Reinforcement learning (RL) is emerging as a promising approach to intelligently interact with continuously changing physical or virtual environments. Advances in RL research have already shown remarkable results, such as Google’s AlphaGo beating the Go world champion, and are finding their way into self-driving cars, unmanned aerial vehicles, and surgical robotics. Not surprisingly, many see RL growing rapidly into a potentially dominant area in ML over the next decade. However, the applications of RL pose a new set of requirements, the combination of which creates a challenge for existing distributed execution frameworks: computation with millisecond latency at high throughput, adaptive construction of arbitrary task graphs, and execution of heterogeneous kernels over diverse sets of resources.

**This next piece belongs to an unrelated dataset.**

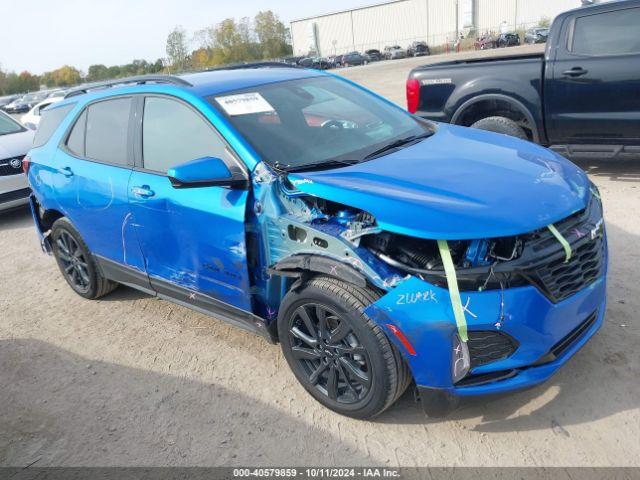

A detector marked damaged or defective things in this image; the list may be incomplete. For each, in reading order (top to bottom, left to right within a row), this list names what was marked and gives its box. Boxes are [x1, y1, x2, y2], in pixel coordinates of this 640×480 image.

crumpled hood [288, 124, 592, 240]
broken headlight area [362, 189, 604, 302]
damaged front bumper [364, 264, 604, 418]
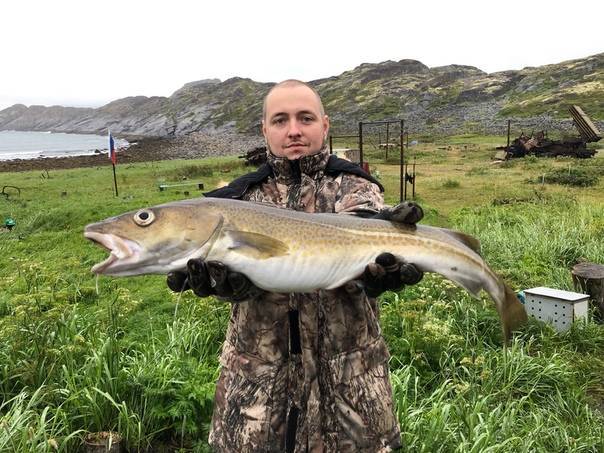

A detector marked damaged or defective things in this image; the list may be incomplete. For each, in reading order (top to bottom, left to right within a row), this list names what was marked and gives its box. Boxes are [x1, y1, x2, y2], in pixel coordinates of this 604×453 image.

Ion Stoica, Robert Nishihara, Richard Liaw, Eric Liang, and Philipp Moritz lead a deep dive into Ray, a new distributed execution framework for reinforcement learning applications developed by machine learning and systems researchers at UC Berkeley’s RISELab, walking you through Ray’s API and system architecture and sharing application examples, including several state-of-the art RL algorithms.

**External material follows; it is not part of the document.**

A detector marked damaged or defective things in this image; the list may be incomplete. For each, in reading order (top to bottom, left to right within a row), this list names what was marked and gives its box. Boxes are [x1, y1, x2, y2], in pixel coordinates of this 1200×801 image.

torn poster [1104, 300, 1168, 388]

Richard Liaw is a PhD student in the Berkeley Artificial Intelligence Research (BAIR) Lab and RISELab at UC Berkeley working with Joseph Gonzalez, Ion Stoica, and Ken Goldberg. He’s worked on a variety of different areas, ranging from robotics to reinforcement learning to distributed systems. He’s working on Ray, a distributed execution engine for AI applications; RLlib, a scalable reinforcement learning library; and Tune, a distributed framework for model training.
Eric Liang is a second-year PhD student working in the University of California, Berkeley, RISELab with Ion Stoica. He works on frameworks and applications for machine learning and reinforcement learning. Previously, he spent several years working on systems in industry at Databricks and Google.